Familie werde in den Reihen der AfD ganz klar als eine Einheit aus Mutter, Vater und Kindern gesehen, Darstellungen von Familien zeigen stets heterosexuelle Paare. Die sogenannte „Ehe für alle“ sollte laut AfD annulliert und verboten werden. Dass sich diese Politik mit einer antimuslimischen Politik verzahnt, machte Juliane Lang durch Zitate und Wahlplakate der AfD deutlich. 
In diesem Fall spricht man auch von Care Rassismus, der die „Sorge um das Eigene“ umfasst. Diese Art des Rassismus´ wird als vermeintlich friedfertig dargestellt. Es findet eine Abgrenzung zu „Anderen“ statt, wer dazu gehört, bestimmt dabei aber stets die „Wir“-Gruppe. Mittels dieses Care Rassismus´ versuchen Parteien wie die AfD, Rechte zu mobilisieren. Beispielhaft wies Juliane Lang auf die „besorgte Mutter“ Jenny Sommerfeld hin, die ihre Hochzeit bewusst auf den 20. April legte und bei Kundgebungen unter anderem gegen Journalisten hetzt. 
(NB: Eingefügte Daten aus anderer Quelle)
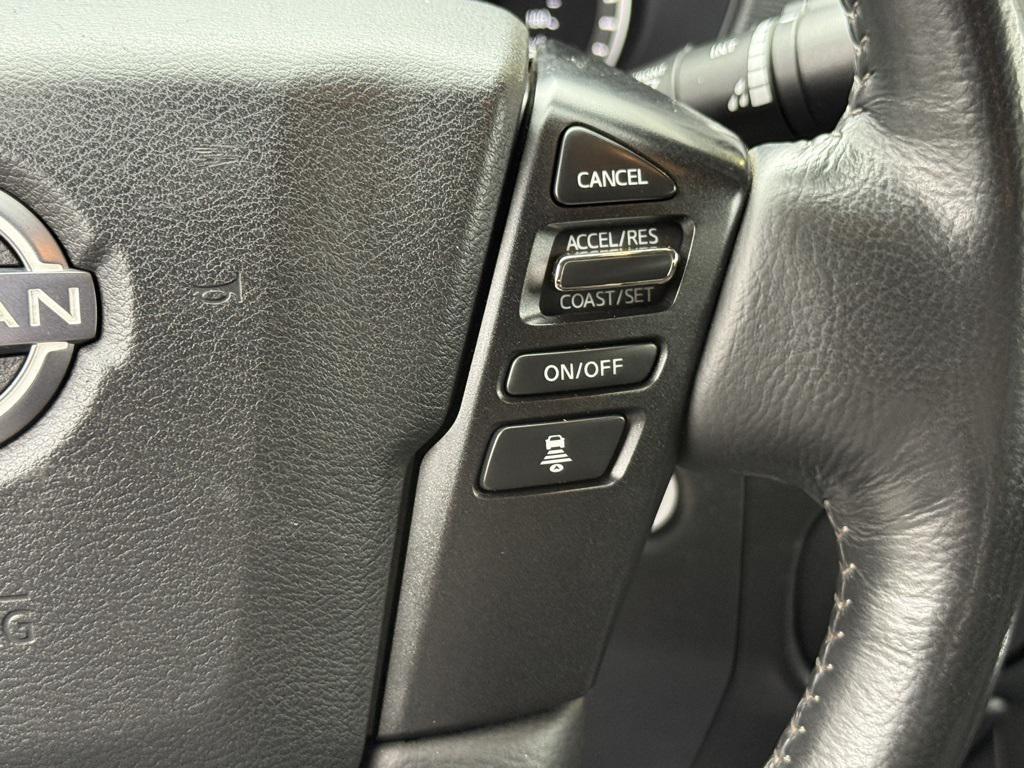 used 2022 Nissan Frontier car, priced at $26,388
Diese Art des Rassismus´ werde, so Juliane Lang, meist mit einem Femonationalismus verzahnt, bei dem eine feministische Politik mit der „Angst vor dem Fremden“ verbunden und für rassistische Argumentationen genutzt wird. Hier werde bewusst ein Bild von „fremden Triebtätern“ gezeichnet, denen gegenüber, die deutschen Frauen als kollektive Opfer stehen. 

Juliane Lang erläuterte in ihrem Vortrag das Phänomen des Auftretens von Kronzeug*innen. Dafür griff sie auf die Person Leyla Bilge zurück. Leyla Bilge, in der Türkei geboren, kurdischstämmig und einst Muslima, ist heute AfD-Parteimitglied, sie tritt auf Kundgebungen auf und organisiert „Frauenmärsche“. Der Gedanke hinter dem Auftreten von Kronzeug*innen ist folgender: Eine Partei, die eine ehemalige Muslima auftreten lässt, kann nicht rassistisch sein. So bediene sich die AfD gleich mehrerer Personen: queere Referent*innen oder ein homosexueller Imam, der als Redner auftritt. Die extreme Rechte liefere so ein Sprachrohr für bislang nicht sagbare Ansichten. Menschen, die sich bisher vielleicht nicht getraut haben, ihre rechten Gedanken zu äußern, scheinen dies nach Äußerungen und Veröffentlichungen von Thilo Sarrazin nun zu tun; dies zeige unter anderem der Anstieg rechter Einstellungen in den Mitte-Studien. 

Kampagnen wie #120db seien ein neuer Versuch, die Deutungshoheit über den Begriff Feminismus sowie über feministische Politik zu bekommen. Die Herausforderung für politische Antworten auf rechte Politiken sei, so Juliane Lang, sich für Feminismen einzusetzen. Es gebe nicht nur den einen Feminismus und man müsse überdenken, wofür der Begriff stehe und wie man ihn von links besetzen könne.